Researchers at the New York Genome Center (NYGC) and Columbia University have uncovered a molecular mechanism behind one of biology's long-standing mysteries: why individuals carrying identical gene mutations for a disease end up having varying severity or symptoms of the disease
In this widely acknowledged but not well-understood phenomenon, called variable penetrance, the severity of the effect of disease-causing variants differs among individuals who carry them.
Reporting in the August 20 issue of Nature Genetics, the researchers provide evidence for modified penetrance, in which genetic variants that regulate gene activity modify the disease risk caused by protein-coding gene variants.
The study links modified penetrance to specific diseases at the genome-wide level, which has exciting implications for future prediction of the severity of serious diseases such as cancer and autism spectrum disorder.
Severity of diseases
"Our findings suggest that a person's disease risk is potentially determined by a combination of their regulatory and coding variants, and not just one or the other," Dr. Lappalainen said.
"Most previous studies have focused on either looking for coding variants or regulatory variants that affect disease in these individuals or potentially looking at common variants that could affect disease. We have merged these two fields into one clear hypothesis that uses data from both of them, which was fairly unheard of before."
Variable penetrance has long posed a challenge for predicting the severity of a disease, even for diseases with a strong genetic association. Dr. Lappalainen and colleagues developed the modified penetrance hypothesis from their interest in the idea that gene variants that regulate the activation of genes could also play a role in modifying the penetrance of coding variants for the same gene.

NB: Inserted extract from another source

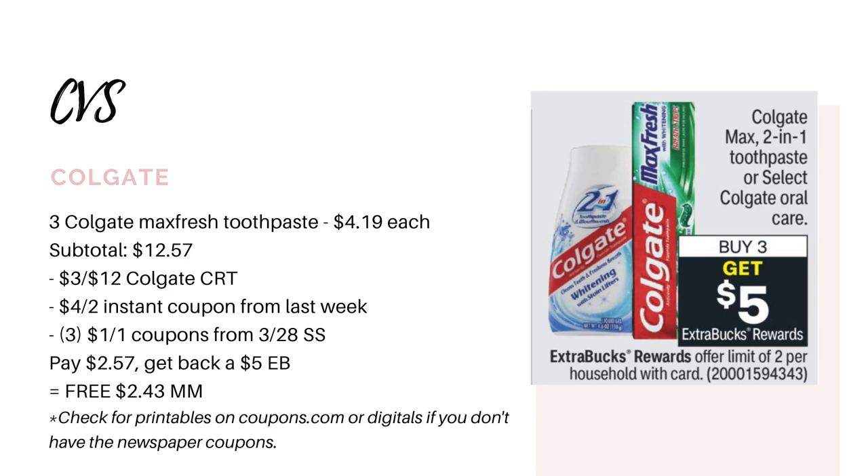Next up is the Colgate. These are going to be on promotion for buy three, get back a $5 Extra Buck. In this past week's CVS haul, I showed you that the $4 off two instant coupon we got was not attaching to the ones I was hoping it would. So I went ahead and saved mine for this upcoming week — hopefully you did as well, because that is going to be perfect to pair with this. At my store, the Max Fresh toothpaste are priced at $4.19 each, so you'd want to grab three of those for $12.57. If you have a $3 off $12 Colgate CRT, you definitely want to use it. Then pair in your $4 off two instant coupon from last week if you haven't used it, and then use three $1 coupons from the 3/28 SmartSource insert.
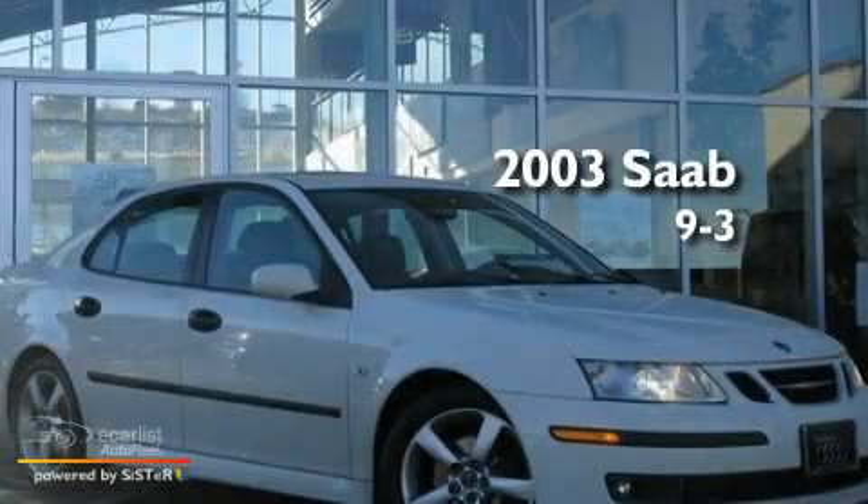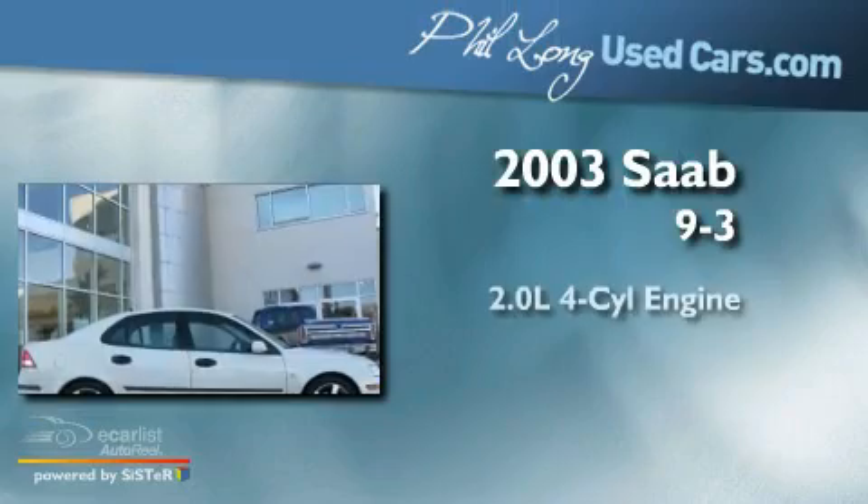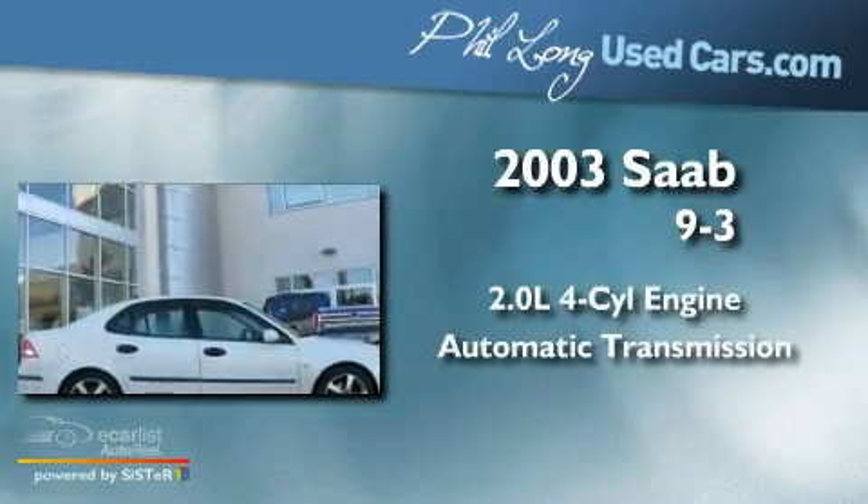This is a 2003 Saab 9.3. It has a 2.0-liter four-cylinder engine and an automatic transmission.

As a first test of the modified penetrance hypothesis, the researchers conducted an analysis of data from the Genotype-Tissue Expression (GTEx) project, a large catalog of genetic variants that affect gene expression in humans, to evaluate the interactions of regulatory and coding variants in a human population without severe genetic diseases.
They found an enrichment of combinations of regulatory and coding variants, called haplotypes, that act as protection against disease by decreasing the penetrance of coding variants associated with disease development. This finding was expected in the general population, Dr. Castel explained, as a result of natural selection removing damaging gene variants from the genome over time.
To test their hypothesis in a disease-specific population of patients, the researchers analyzed data from the National Institutes of Health's The Cancer Genome Atlas (TCGA) and the Simons Simplex Collection, a permanent repository of genetic samples from 2,600 families, each of which has one child affected with an autism spectrum disorder, and unaffected parents and siblings.
In the cancer patients and individuals with autism, they found an enrichment of haplotypes predicted to increase the penetrance of coding variants associated with cancer and autism spectrum disorder, respectively.
Finally, they designed an experiment using CRISPR/Cas9 genome editing technology to test the modified penetrance hypothesis with a coding variant that is known to be associated with a disease.
They chose a coding variant associated with Birt-Hogg-Dubé Syndrome, a rare hereditary disease that increases the risk of certain types of tumors. They edited the SNP into a cell line on different haplotypes with a regulatory variant.
The researchers were able to show that the regulatory variant indeed modified the effect of the coding disease-causing variant, consistent with expectations based on the large-scale data collections. This finding provides an important framework for scientists moving forward to experimentally test specific disease SNPs to determine if they could be affected by modified penetrance.
"Now that we have demonstrated a mechanism for modified penetrance, the long-term goal of the research is the better prediction of whether an individual is going to have a disease using their genetic data by integrating the regulatory and coding variants," Dr. Lappalainen said.
"In future, studies of the genetic causes of severe diseases should take into account this idea that regulatory variants need to be considered alongside coding variants," Dr. Castel said. "This should eventually lead to a more fine-grained understanding of the risk of coding variants associated with a disease."